Director: András Jeles
Starring: János Opoczki, István Iványi, József Farkas, Dénes Ladányi
Duration: 102 min.
Follow a day in the life of Laszlo, a 20-year-old driver's assistant who spends his day riding cabs, flirting with ladies, and gambling on pinball games - using the money he's just stolen.
The Little Valentino is a Hungarian film directed by András Jeles and was his feature film debut. In 2000, it was selected by Hungarian film critics as part of the Budapest 12, the twelve best films of Hungary.
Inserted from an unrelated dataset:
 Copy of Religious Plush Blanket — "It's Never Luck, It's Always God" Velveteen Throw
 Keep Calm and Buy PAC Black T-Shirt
The minimalistic story loosely follows the escapades of a young slacker who recently stole a bundle of cash. The main character is László (János Opoczki), an aimless and unlikeable young man, which the camera follows from one place to another, as he interacts with various citizens along the way, all the while frivolously spending his loot. Sometimes the camera wanders off, and briefly follows one of the many characters he encounters, but soon enough it returns to observe László go about the rest of his day.
The experimental narrative and the largely unsympathetic main character, make this film somewhat difficult to get into. However, it does provide a very fascinating look at late seventies life in Hungary; and it's not the grim image one expects to see of a communist country. For example, László is seen at various times riding a taxi, eating at a swanky restaurant, ordering cognac and champagne at a bar, and gambling at a pinball arcade. It also uses an interesting stylistic technique, displaying the main character's thoughts typed on screen rather than having a spoken voice over.
Overall The Little Valentino isn't what I would call essential viewing, but it does have some fascinating imagery, and fans of Jim Jarmusch's work will likely find it an interesting watch.